While most major estuaries along the Pacific Coast have been filled, dredged, or developed, Nisqually River's has been set aside for wildlife. In 1974, the Nisqually National Wildlife Refuge was established to protect the delta and its diversity of fish and wildlife habitats. The estuary was restored in 2009 by removing dikes and reconnecting 762 acres with the tides of Puget Sound. Which makes the refuge the largest estuary restoration project in the Pacific Northwest and a vital ecological step in the recovery of Puget Sound.

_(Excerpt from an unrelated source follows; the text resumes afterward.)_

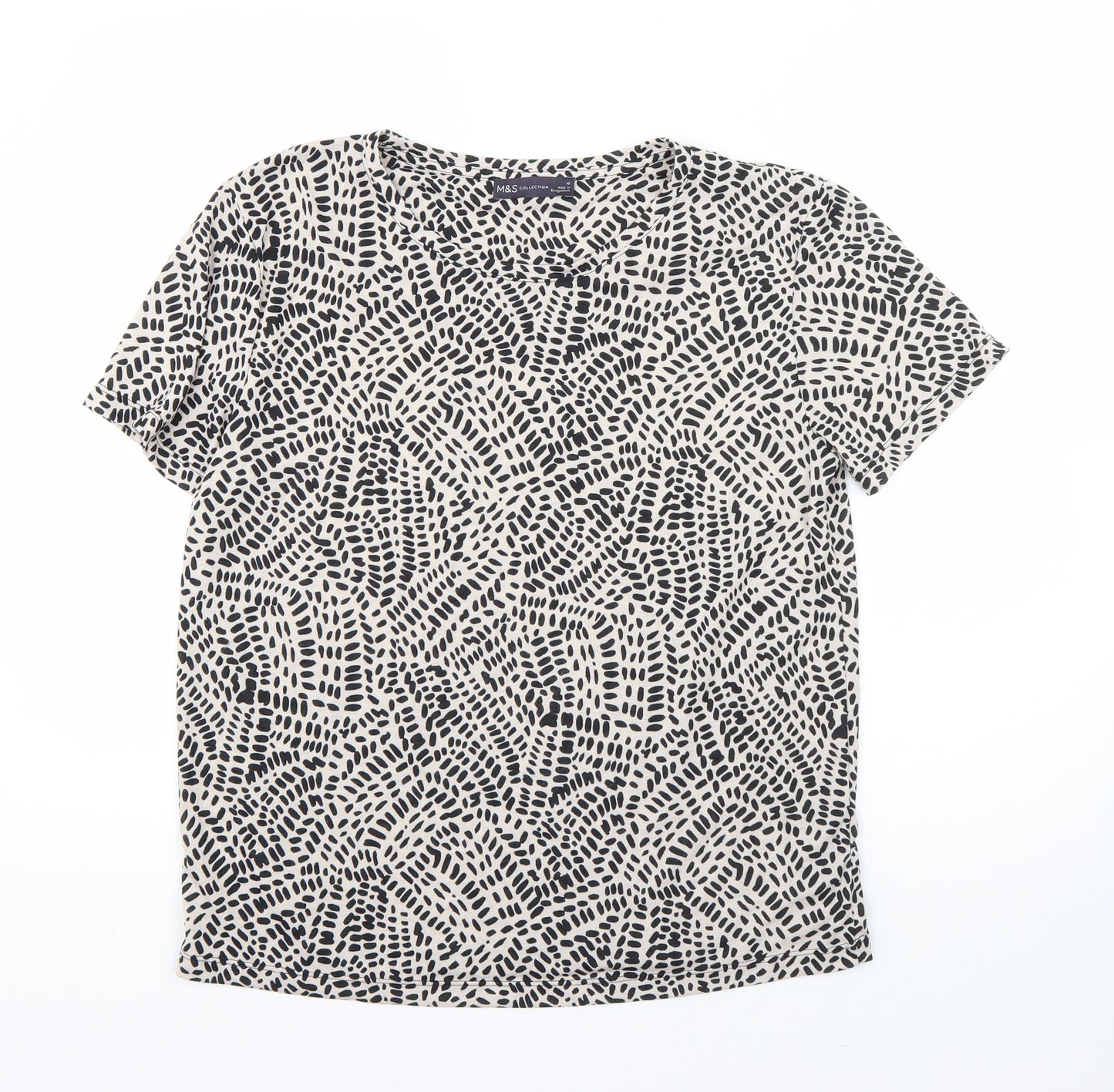m&s Womens White Animal Print Polyester Basic T-Shirt Size 10 Round Neck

Estuary habitat is essential for migratory birds, but approximately 85 percent of estuarine habitat throughout Puget Sound has been destroyed by human encroachment and development. For this reason, protected lands like Nisqually NWR are critical to the continued survival of migratory birds.

In addition to protecting waterfowl, the habitat diversity that exists in a natural estuary also provides food for seabirds, shorebirds, songbirds and raptors. In order to improve habitat for the full range of species present, the refuge recently restored 732 acres of estuary by removing over five miles of dike.

What this boils down to is that U.S. Fish & Wildlife - in cooperation with the Nisqually Indian Tribe, Washington Department of Fish & Wildlife, private and other partners - have provided a refuge for wildlife and people. In season, waterfowl hunters utilize the refuge, and all through the growing season visitors can fill their eyes, ears and heart with the wildlife of the Pacific Northwest.

And one of the most thoughtful and easy methods for everyone to enjoy this experience is the beautiful boardwalk that allows handicapped people, parents with children - plus Old Duffers like me - to see and enjoy so much of the refuge, especially the boardwalk that takes you right out into the wetlands.